■ INFORMATION PROVIDED

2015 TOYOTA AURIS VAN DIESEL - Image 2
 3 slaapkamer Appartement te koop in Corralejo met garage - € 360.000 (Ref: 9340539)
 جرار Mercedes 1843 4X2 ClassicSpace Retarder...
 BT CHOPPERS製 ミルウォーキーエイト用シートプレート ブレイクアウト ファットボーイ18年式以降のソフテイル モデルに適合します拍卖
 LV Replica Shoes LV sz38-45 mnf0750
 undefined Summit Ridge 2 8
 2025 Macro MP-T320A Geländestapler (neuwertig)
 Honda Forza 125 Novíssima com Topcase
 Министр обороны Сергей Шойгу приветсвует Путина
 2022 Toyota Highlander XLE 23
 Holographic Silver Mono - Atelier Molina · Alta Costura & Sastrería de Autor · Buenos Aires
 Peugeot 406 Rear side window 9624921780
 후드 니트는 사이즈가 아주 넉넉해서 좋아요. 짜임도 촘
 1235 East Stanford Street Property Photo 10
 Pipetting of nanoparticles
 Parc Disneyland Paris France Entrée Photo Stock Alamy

■ WHAT YOU ARE ASKED TO DO
Return, from the entries, each line that holds "Photo".

■ RESULT OF THIS TASK
 1235 East Stanford Street Property Photo 10
 Parc Disneyland Paris France Entrée Photo Stock Alamy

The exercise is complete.